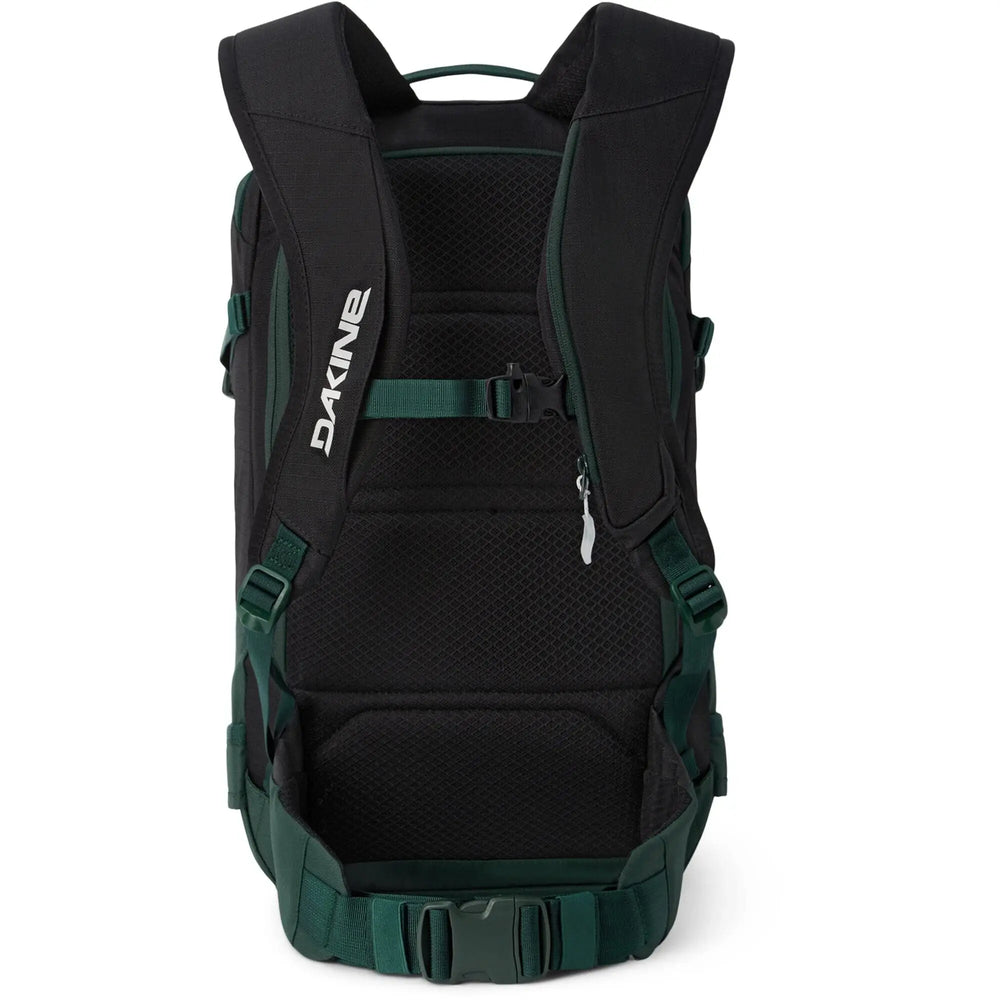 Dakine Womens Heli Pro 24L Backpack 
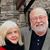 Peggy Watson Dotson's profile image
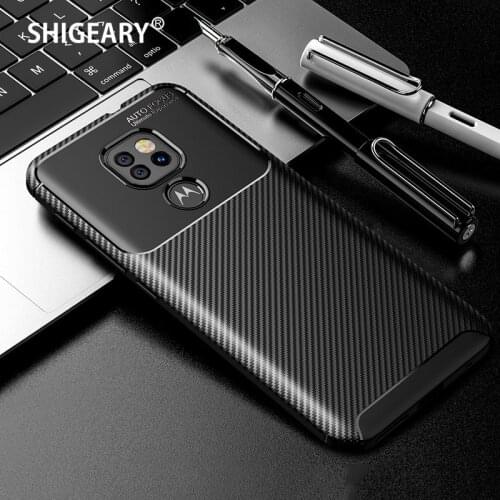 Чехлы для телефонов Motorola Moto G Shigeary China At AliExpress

################

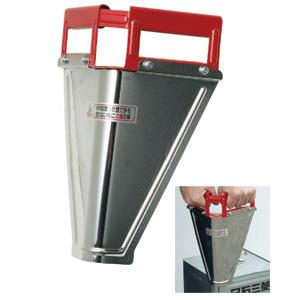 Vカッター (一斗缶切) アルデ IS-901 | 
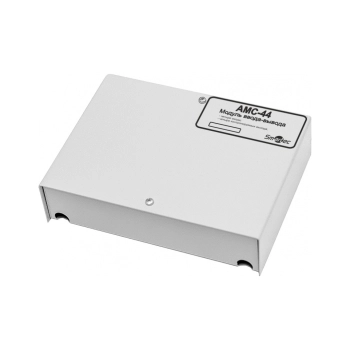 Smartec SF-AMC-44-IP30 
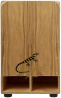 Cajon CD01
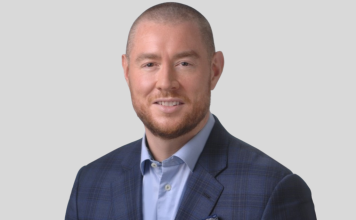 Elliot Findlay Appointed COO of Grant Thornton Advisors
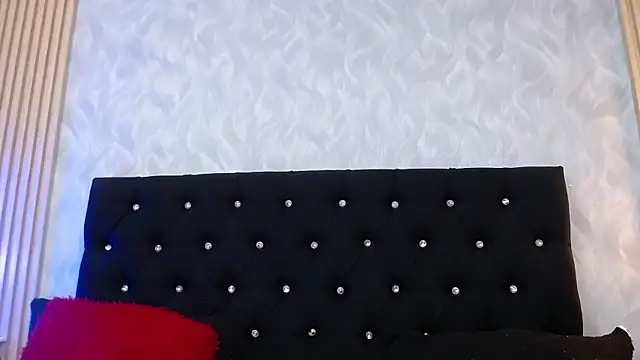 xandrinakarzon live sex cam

################

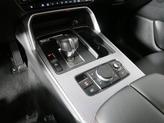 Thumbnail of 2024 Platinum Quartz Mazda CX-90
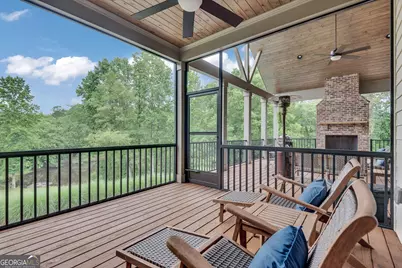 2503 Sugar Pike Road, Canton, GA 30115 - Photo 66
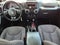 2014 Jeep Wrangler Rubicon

################

Exercise objective. Would you set down only the lines above from the line with "2503 Sugar Pike" to the line with "2014 Jeep Wrangler Rubicon", both included, exactly as they stand and without the pictures?

Answer section.
 2503 Sugar Pike Road, Canton, GA 30115 - Photo 66
 2014 Jeep Wrangler Rubicon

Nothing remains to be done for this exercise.